Saginaw River watershed
|Length||22 mi (35 km)|
|Basin area||8,595 sq mi (22,260 km2)|
The Saginaw River is a 22.4-mile-long (36.0 km) river in the U.S. state of Michigan. It is formed by the confluence of the Tittabawassee and Shiawassee rivers southwest of Saginaw. It flows northward into the Saginaw Bay of Lake Huron, passing through Bay City, which developed around it in the 19th century. The watershed area is 8,595 square miles (22,260 km2).
The river is an important shipping route for Mid-Michigan, passing through the cities of Saginaw and Bay City. It is one of Michigan's few inland navigable rivers. The Saginaw River Rear Range Light, one of a pair of lighthouses built in 1876 to improve navigation, was listed on the National Register of Historic Places in 1984. Since the turn of the 21st century, it is being renovated.
The Saginaw River was used for fishing and as a transportation route by canoe by indigenous peoples for thousands of years prior to European colonization. From the 18th century, fur traders and trappers rendezvoused at a post at the mouth or traveled along the river and its tributaries to trade with the Ojibwe tribes of the region for European and American manufactured goods.

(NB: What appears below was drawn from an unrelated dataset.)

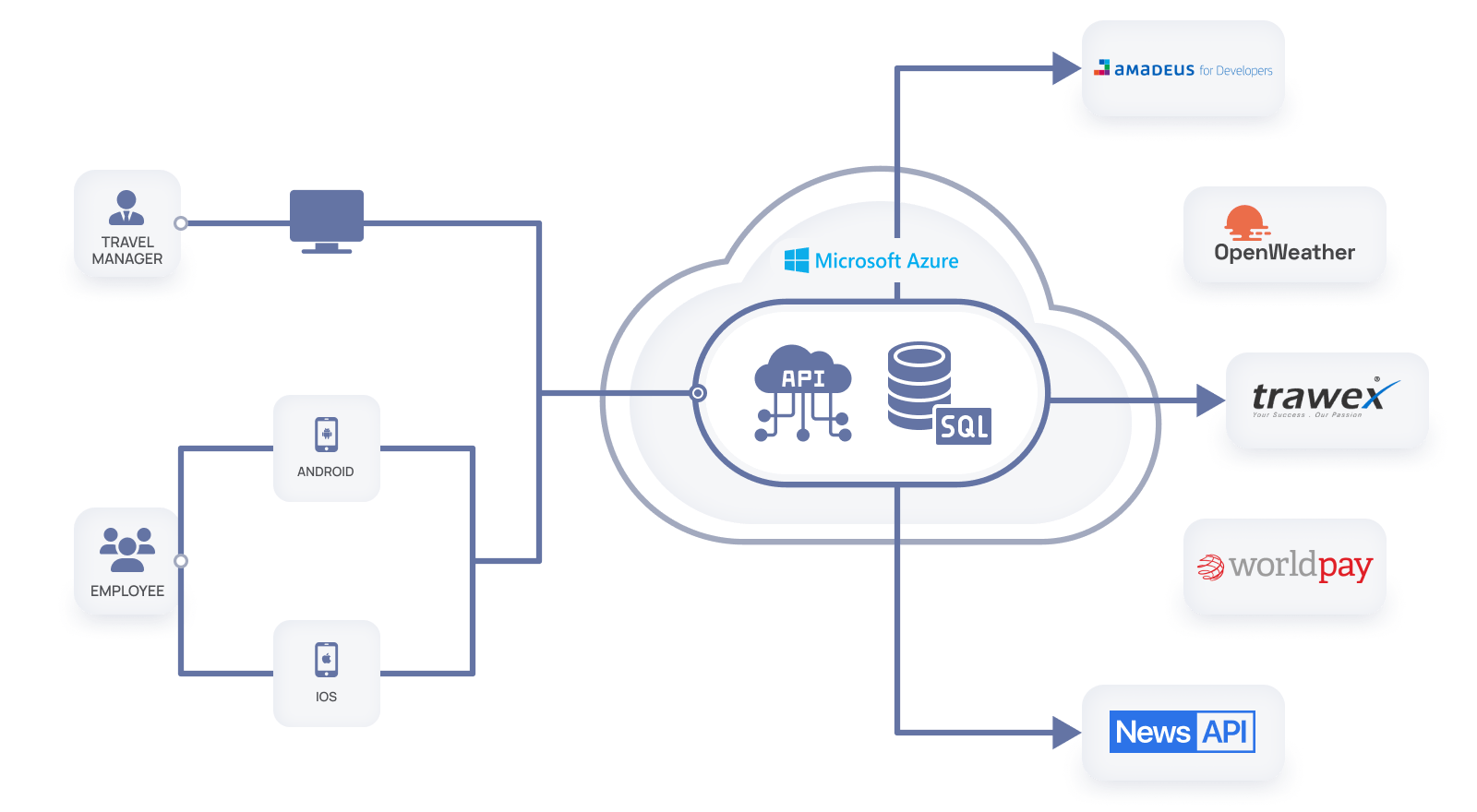 travel management app – third-party integrations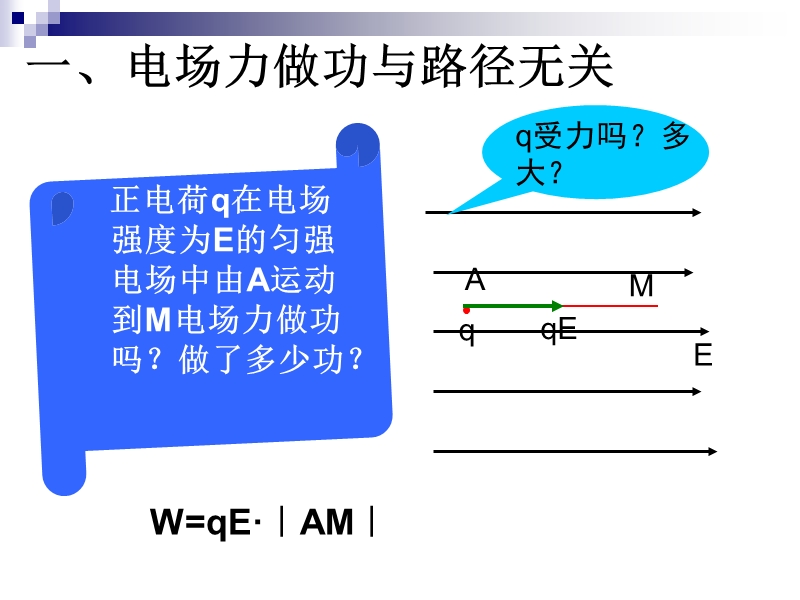 电势能电势电势差.ppt_第2页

As towns developed along the river, it supported additional travel inland, as well as powering the operation of sawmills and later factories. The first lighthouse was completed in 1841, and a pair of lighthouses were built in range configuration in 1876. They were converted to electricity in 1915. The Saginaw River Rear Range Light was listed on the National Register of Historic Places in 1984. Since the turn of the 21st century, it is being renovated.
In the late 19th century, steamers like the Wellington R. Burt carried passengers between the major cities of Saginaw and Bay City, as well as to other ports along the Great Lakes. The Saginaw River has continued to be used as a major route for trade, carrying shipping into and out of the region. According to "Saginaw Future," the river carries 4.6 million tons of commerce annually.
Other industries developed, with both General Motors and Dow Chemical Company basing major operations from the early 20th century at sites along the river. These generated many industrial jobs for the area economy but both companies have gone through restructuring. New industries in the region have included advanced manufacturing such as Nexteer, medical technology, professional services, renewable energy, and agribusiness.
For decades, the Saginaw River has been reclaimed for recreational use and the cities have been re-establishing ties to the river for residents. A three-mile, hard-surfaced RiverWalk, great for hiking, biking or easy strolls, was built along the riverbanks in downtown Saginaw and Bay City. The Saginaw Bay Yacht Club, established in 1894, is located near the mouth of the Saginaw River and supports regular sailing races and related events. The river is also popular with boaters who use motors.
Sports fishermen are active and many enjoy the annual Shiver on the River walleye ice fishing contest. Each winter, trophy-sized fish are taken by fishing through holes in the river ice. Another fishing season is held in early spring.
Hundreds of thousands of attendees flock to the riverbanks for annual festivals such as the River Roar speed boat races, Tall Ship Celebrations and two of the largest fireworks displays in the Midwest. In 2012, the largest-ever fireworks display in Michigan was hosted on the Saginaw River in Bay City, with 50,000 mortars, and lasting 50 minutes. It celebrated the 50th anniversary of the Bay City Fireworks Festival.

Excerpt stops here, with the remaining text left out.